Protecting Attorney Client Privilege in the Internet Era
By Richard Blech
In the digital age, international corporations have learned the importance of beefing up their network security and have invested heavily in protecting their data from prying eyes. Unfortunately, the law firms that serve these companies appear to be seriously lagging behind in their efforts to keep their clients’ information secure. Files held by lawyers are extremely vulnerable to hacking by foreign governments, competitors and opposing counsel. Recent reports have cited the gaping holes in the data security measures that are currently in place in legal services firms. Understanding the importance of implementing high level security protection is an essential element of working in today’s digital jungle.
Assessing the Threats: Who Are the Hackers and What Do They Want?
Most law firms never assume that they would be a target of choice for a hacker. The fact is while the well protected corporate client may hold sought after trade secrets in proprietary data, their lawyers provide a convenient back door to access this precious information. Client communications and patent documents are an extremely valuable prize for a hacker looking for insights into the client’s business secrets. Hackers working for a government or rival company can gain an easy step up on a firm’s client, while a freelance hacker can sell the information to the highest bidder.
Addressing the Problem: Why Are Law Firms Vulnerable and How Can They Protect Themselves
Among the variety of challenges facing the greater effort to make law firms more secure against hackers are a lack of resources and an unwillingness to promote change across the industry. The most blaring issue that has been cited is that most legal firms have not seriously invested in strengthening their digital defenses. Experts on the topic have pointed out that, on the whole, legal groups do not have the budget to put in place the state of the art defenses required to fight off hackers.

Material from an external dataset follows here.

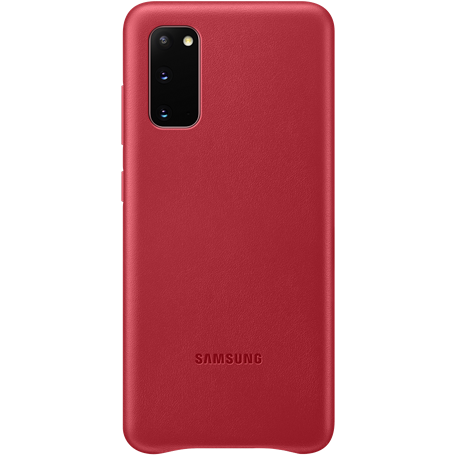 Coque en Cuir pour Samsung G S20 Bordeaux Samsung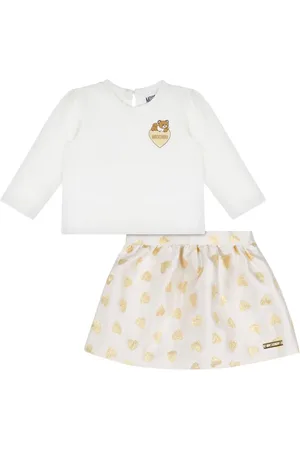Moschino Set con falda y motivo de corazón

Even if they have made advancements in this area, they remain easier targets than their corporate clients who are far more prepared to take on experienced hackers.
The second problem that is pervasive in the industry is that law firms are loathe to admit that they have a problem. Lawyers have a strong interest in not making these attacks public. A scandal caused by a break in could be ruinous for a firm if clients lose faith in its ability to keep their secrets safe. Change will only come when it is recognized across the sector that the threat of hacking is real, and this will likely only come after such cases come to light. Until then, it is up to individual firms to properly assess their risks and take action to protect themselves and their clients.
Law firm partners as well as other industry decision makers need to realize the cost of their brand value and client confidence should a breach occur. Technology does have the answers for protecting the digital ecosystem, it’s time for security to be the first thought, rather than the reactionary afterthought.